L'uomo mi afferrò aiutandomi a mantenere l'equilibrio. "Si sente bene?
Ero ancora in tempo per raggiungere il mio obiettivo.
"Sì, mi scusi. Ho solo bevuto un bicchiere di troppo." Dalla mia bocca uscì una risatina stridula, mentre la mia mano si avvicinava silenziosamente alla tasca posteriore dei pantaloni dell'uomo.
"Forse dovrebbe chiamare un taxi." Suggerì l'altro.
"Abito qui vicino, sono quasi arrivata." Mi giustificai sfilando lentamente la mano dalla tasca.
Mi allontanai fingendo di riacquistare un po' di lucidità e mi rivolsi all'uomo che avevo di fronte. "Mi scusi ancora."
Senza aggiungere altro, mi incamminai nella direzione opposta a quella dalla quale era venuta e accelerai il passo per mettere più distanza possibile tra me e i due uomini. All'improvviso un urlò squarciò il silenzio notturno e il cuore prese a battermi forte contro il petto.
"Ferma! Il mio portafoglio!"
Iniziai a correre con tutte le forze che avevo nel corpo e mi addentrai in una via buia che conoscevo bene. A prima vista poteva sembrare una strada chiusa, ma in fondo a sinistra c'era una rete rotta che conduceva alla riva di un canale.
"Fermati!"
Mi buttai a terra strisciando sull'asfalto caldo e oltrepassai la rete stringendo tra le dita il portafoglio di quel povero uomo. Mi nascosi dietro il primo albero che vidi e trattenni il respiro. Questa era la parte più difficile ogni volta che derubavo qualcuno: scomparire. Bisognava nascondersi bene, in posti stretti e apparentemente improbabili, e non si doveva fiatare. Qualsiasi piccolo rumore poteva tradire la propria posizione.
"L'hai presa?" Una voce spezzata dal fiato corto risuonò nella via.
"No." L'uomo del portafoglio imprecò e colpì qualcosa con forza.
Quando li sentii allontanarsi, ricominciai a respirare. Lentamente, il mio battito cardiaco rallentò e i muscoli si rilassarono. Tra le mani tenevo ancora la mia unica possibilità di sopravvivere per un altro giorno.

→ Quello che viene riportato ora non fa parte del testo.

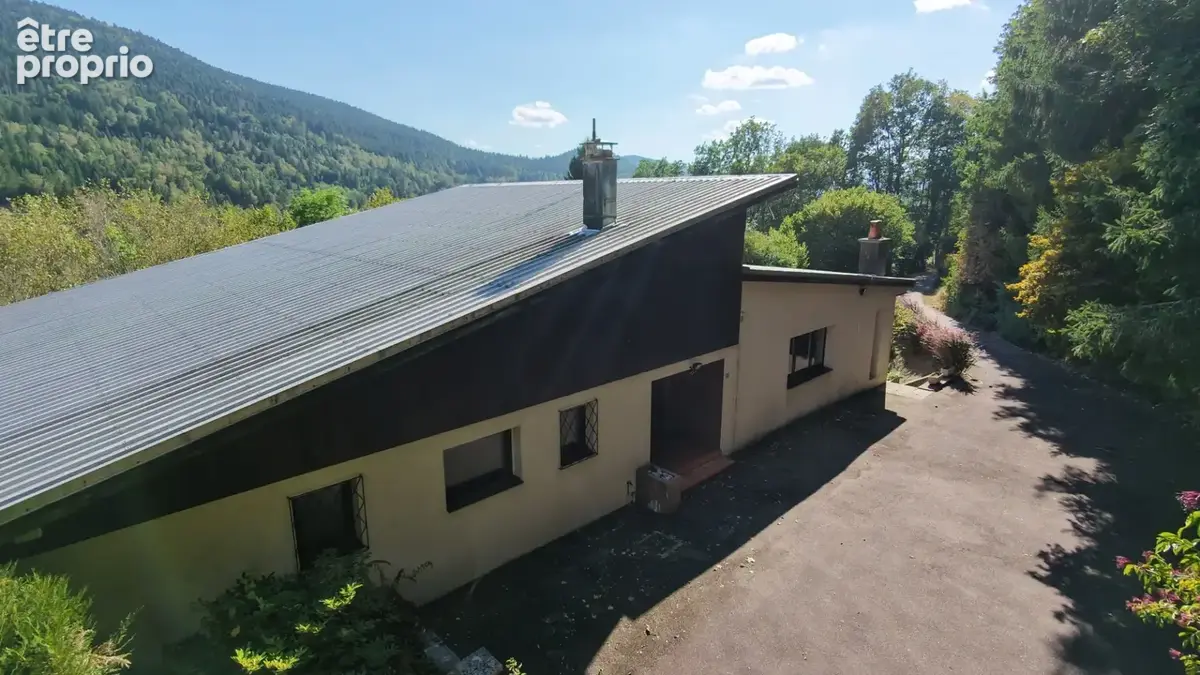 Dpt Vosges (88), à vendre CORNIMONT villa P8 de 263,98 m² - Terrain de 3 469,00 m² - Plain pied - photo 14
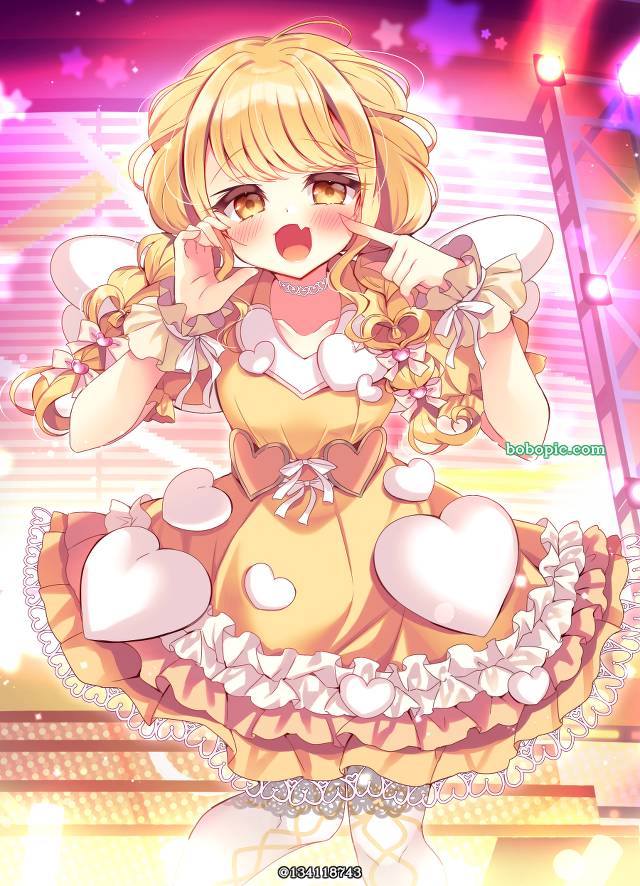 Gakuen IDOLM@STER, Kotone Fujita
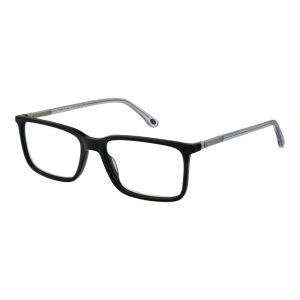 Black Acetate Glasses (Frames)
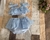 Conjunto Smash Azul na internet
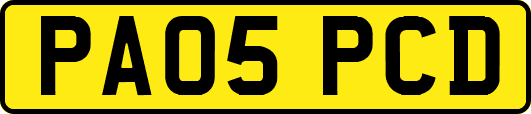 PA05PCD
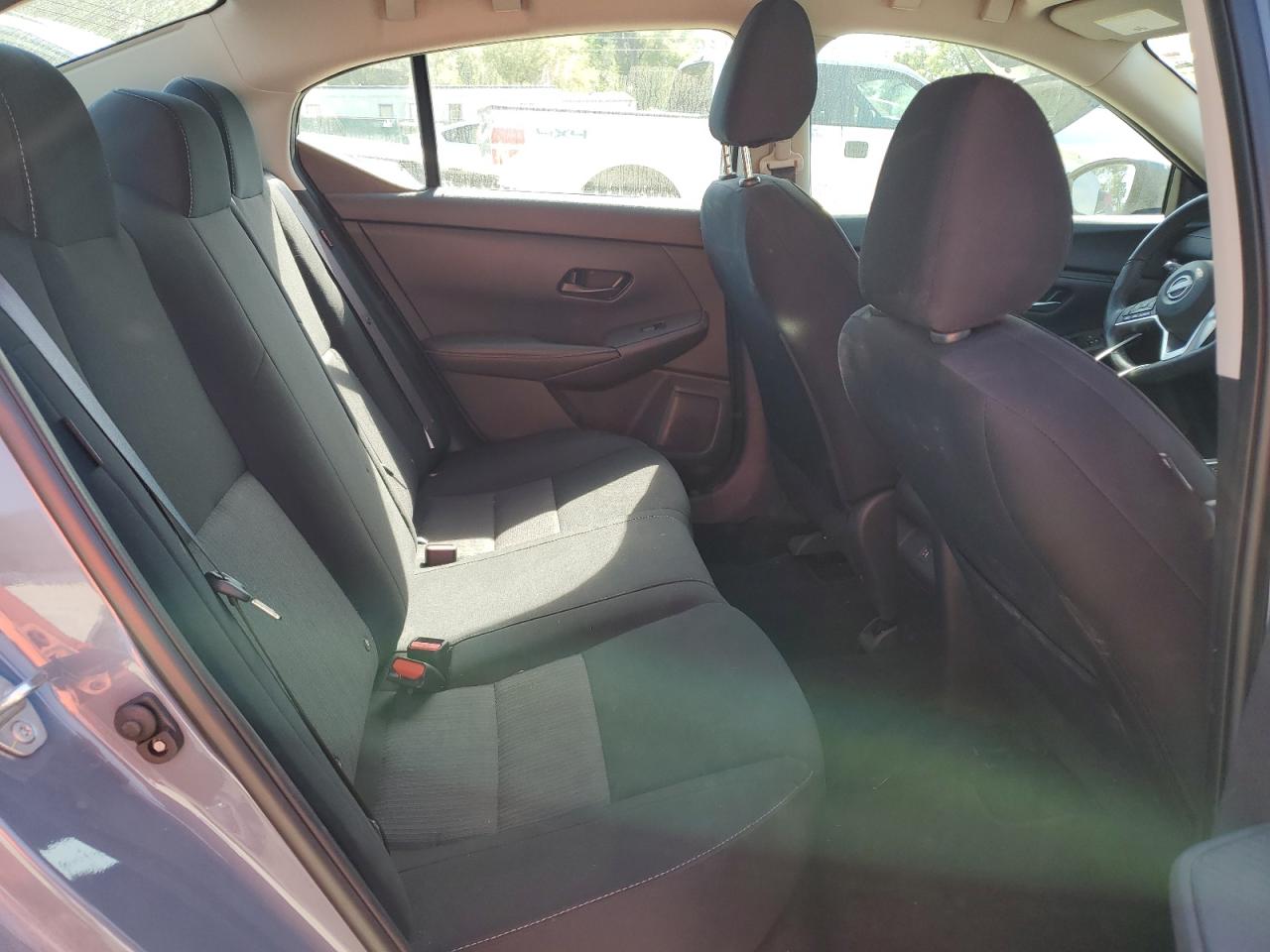 2024 NISSAN SENTRA SV VIN:3N1AB8CV7RY238194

Il portafoglio era pesante e morbido, rivestito di pelle scura. Un leggero sorriso mi increspò le labbra, mentre l'adrenalina e la felicità si facevano strada nelle mie vene. Mi allontanai dall'albero avvicinandomi alla riva del canale ed esponendomi alla luce della luna che regnava alta nel cielo. Il rumore dell'acqua che scorreva era l'unica cosa che mi trasmetteva tranquillità in quel momento di forte trepidazione. Mi sedetti sull'erba umida e aprii il portafoglio. Un profumo di pelle misto a una fragranza ambrata invase i miei sensi, trasportandomi in un mondo lontano dalla strada, dai cassonetti e dai senzatetto. Le piccole tasche interne erano piene di biglietti da visita e di tessere dei club più rinomati di Los Angeles. Due carte di credito erano incastrate in una cavità dietro la tasca principale, quella dove si trovavano i contanti. Contai le banconote e rimasi delusa nello scoprire che il portafoglio conteneva solamente cinquanta dollari. Mi aspettavo una somma più consistente.
Mentre rimettevo i soldi al loro posto, notai un documento: una carta d'identità. Ogni volta che controllavo il lavoro della giornata trovavo una moltitudine di patenti, passaporti o permessi di soggiorno, ma non avevo mai controllato chi fossero i poveri sfortunati che avevano perso i loro soldi a causa mia. Stavolta, invece, nacque una forte curiosità dentro di me e non fui in grado di controllarmi. Estrassi la carta d'identità e la osservai. Era rivestita da una pellicola di plastica trasparente che la proteggeva dai segni tempo; a sinistra c'era una foto e a destra si trovavano i dati anagrafici dell'uomo che avevo derubato.
La sfortunata vittima si chiamava Ryan Woods e abitava a Los Angeles. Era biondo con gli occhi grigi, aveva un naso dritto, la mascella squadrata e le labbra piene. Come me, anche lui aveva ventiquattro anni. Misi il portafoglio nella tasca della giacca e mi sdraiai osservando le stelle e ascoltando lo sciabordio dell'acqua del canale.